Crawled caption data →
☆ ☆ ☆ ☆ ☆
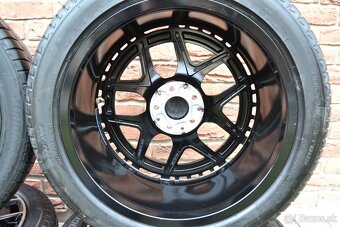 5x112 R19 Kompletna Letna sada Org. Mercedes V-class - 9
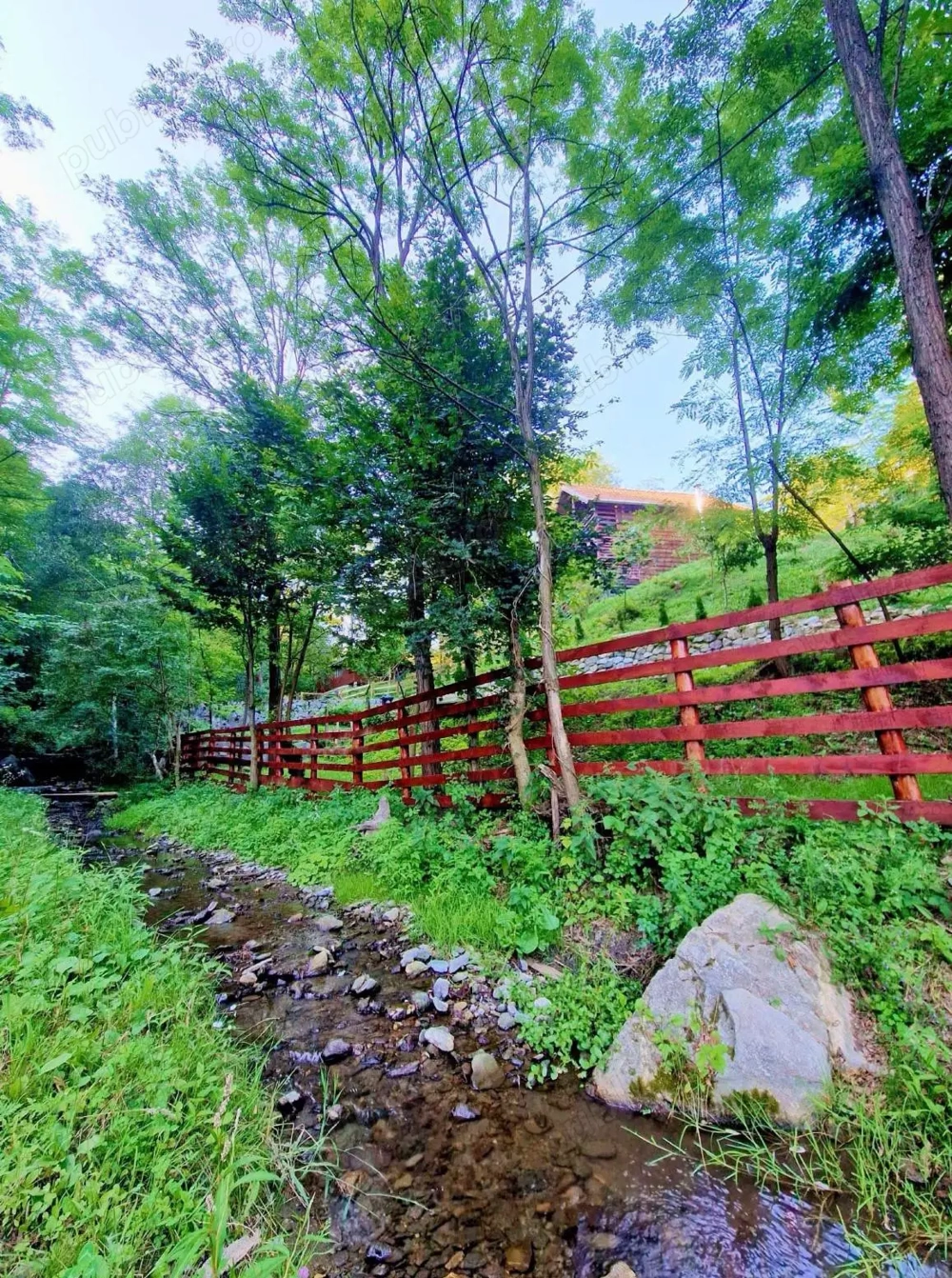 Vand Cabana cu ciubar (Fenes jud Alba)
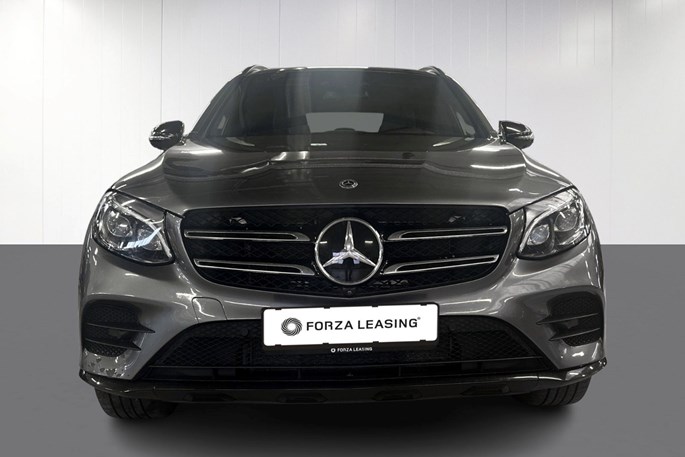Mercedes GLC250 d AMG Line aut. 4Matic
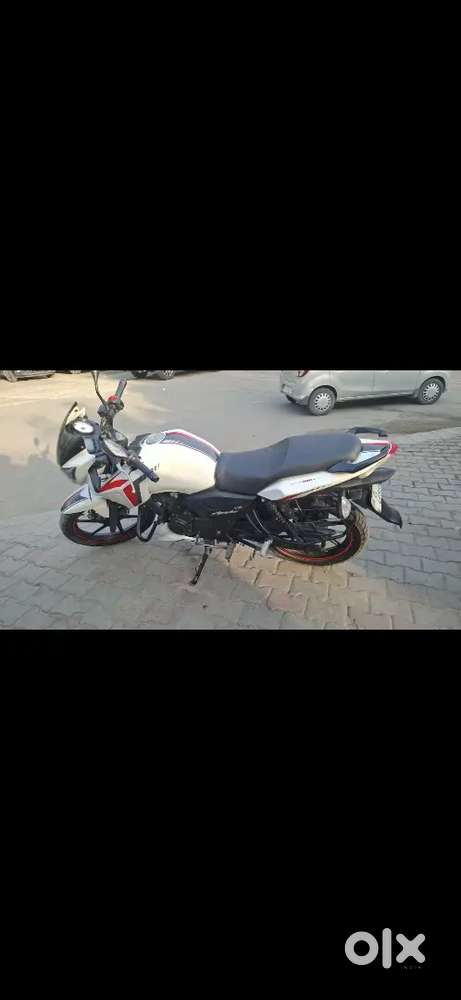 Tvs apache best condition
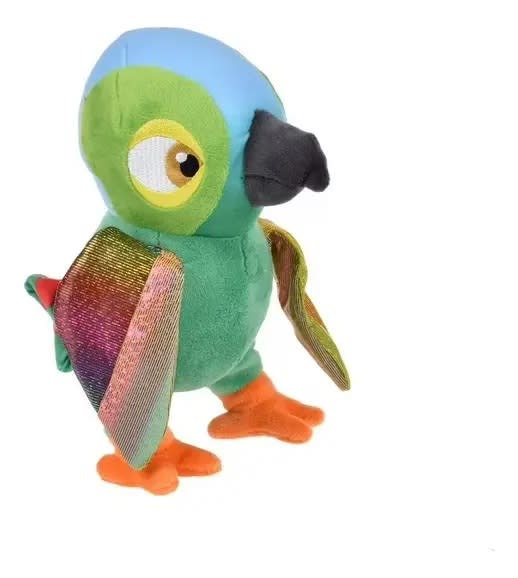LA GRANJA DE ZENON - PELUCHE MUSICALS URTIDO6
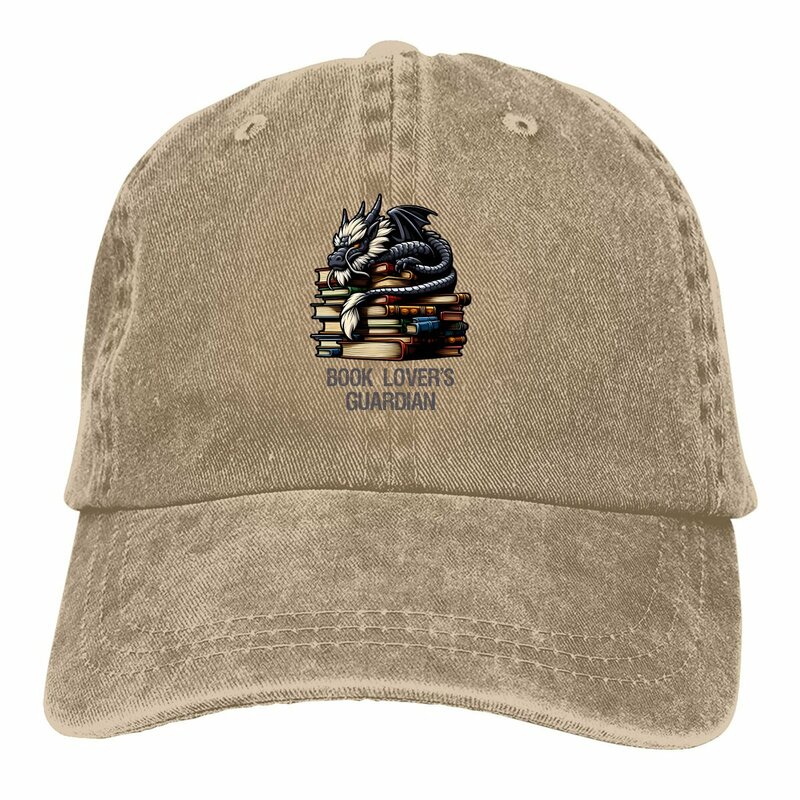 Berretto da Baseball da uomo lavato vecchio drago cinese Trucker Snapback Caps papà cappello Dragon Design cappelli da Golf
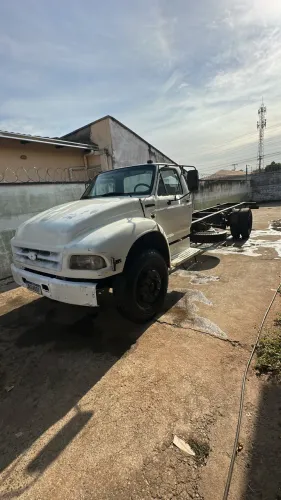 Ford 12000 ? Toco ? Motor MWM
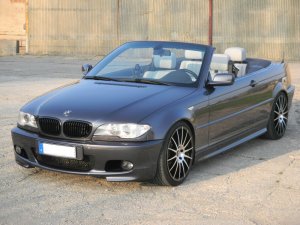 E46 325CI Cab Edition Sport M-Paket BMW Aussteller - 3er BMW - E46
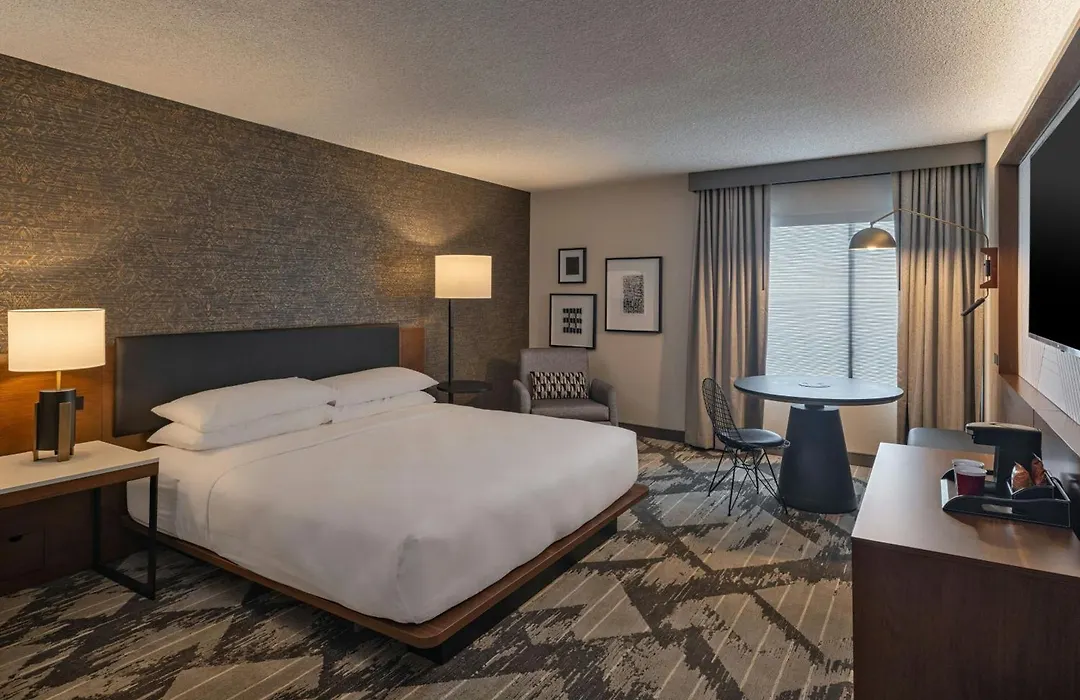 Sheraton Albuquerque Airport Hotel-1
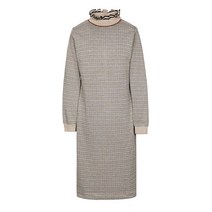 베스띠벨리 하이넥잔체크저지원피스BBOBX72520BRP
☆ ☆ ☆ ☆ ☆
PROBLEM STATEMENT → A verbatim copy of the entries, stripped of pictures, should be produced.

YOUR SOLUTION →
 5x112 R19 Kompletna Letna sada Org. Mercedes V-class - 9
 Vand Cabana cu ciubar (Fenes jud Alba)
Mercedes GLC250 d AMG Line aut. 4Matic
 Tvs apache best condition
LA GRANJA DE ZENON - PELUCHE MUSICALS URTIDO6
 Berretto da Baseball da uomo lavato vecchio drago cinese Trucker Snapback Caps papà cappello Dragon Design cappelli da Golf
 Ford 12000 ? Toco ? Motor MWM
 E46 325CI Cab Edition Sport M-Paket BMW Aussteller - 3er BMW - E46
 Sheraton Albuquerque Airport Hotel-1
 베스띠벨리 하이넥잔체크저지원피스BBOBX72520BRP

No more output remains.